**Brief descriptive captions**
____

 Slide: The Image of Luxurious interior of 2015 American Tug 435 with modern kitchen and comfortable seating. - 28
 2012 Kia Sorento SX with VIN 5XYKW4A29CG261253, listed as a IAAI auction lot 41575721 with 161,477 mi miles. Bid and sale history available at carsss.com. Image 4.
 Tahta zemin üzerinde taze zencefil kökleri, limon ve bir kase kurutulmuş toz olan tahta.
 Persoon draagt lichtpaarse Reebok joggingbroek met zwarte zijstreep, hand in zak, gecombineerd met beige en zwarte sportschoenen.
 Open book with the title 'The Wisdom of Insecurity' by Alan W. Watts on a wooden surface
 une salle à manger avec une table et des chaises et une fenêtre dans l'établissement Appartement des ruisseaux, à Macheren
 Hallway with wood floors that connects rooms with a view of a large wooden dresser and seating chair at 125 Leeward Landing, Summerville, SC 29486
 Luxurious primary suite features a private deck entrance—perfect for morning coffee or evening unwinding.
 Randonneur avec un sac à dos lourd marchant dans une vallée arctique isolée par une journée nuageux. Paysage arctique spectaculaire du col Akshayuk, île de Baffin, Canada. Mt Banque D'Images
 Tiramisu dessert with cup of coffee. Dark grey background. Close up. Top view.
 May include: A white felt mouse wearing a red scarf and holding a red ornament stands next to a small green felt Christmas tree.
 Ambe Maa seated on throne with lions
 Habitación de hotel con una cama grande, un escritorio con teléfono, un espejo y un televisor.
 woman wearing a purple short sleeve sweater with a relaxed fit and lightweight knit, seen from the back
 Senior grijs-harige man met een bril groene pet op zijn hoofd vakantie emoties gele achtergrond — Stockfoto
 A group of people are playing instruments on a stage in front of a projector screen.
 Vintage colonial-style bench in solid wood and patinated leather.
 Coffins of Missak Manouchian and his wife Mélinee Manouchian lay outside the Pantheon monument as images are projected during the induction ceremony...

____

**Problem description**
After locating the line with "Hallway with wood" above, return that line and every later line through the one with "Senior grijs-harige man", word for word and with nothing else.

**Answer area**
 Hallway with wood floors that connects rooms with a view of a large wooden dresser and seating chair at 125 Leeward Landing, Summerville, SC 29486
 Luxurious primary suite features a private deck entrance—perfect for morning coffee or evening unwinding.
 Randonneur avec un sac à dos lourd marchant dans une vallée arctique isolée par une journée nuageux. Paysage arctique spectaculaire du col Akshayuk, île de Baffin, Canada. Mt Banque D'Images
 Tiramisu dessert with cup of coffee. Dark grey background. Close up. Top view.
 May include: A white felt mouse wearing a red scarf and holding a red ornament stands next to a small green felt Christmas tree.
 Ambe Maa seated on throne with lions
 Habitación de hotel con una cama grande, un escritorio con teléfono, un espejo y un televisor.
 woman wearing a purple short sleeve sweater with a relaxed fit and lightweight knit, seen from the back
 Senior grijs-harige man met een bril groene pet op zijn hoofd vakantie emoties gele achtergrond — Stockfoto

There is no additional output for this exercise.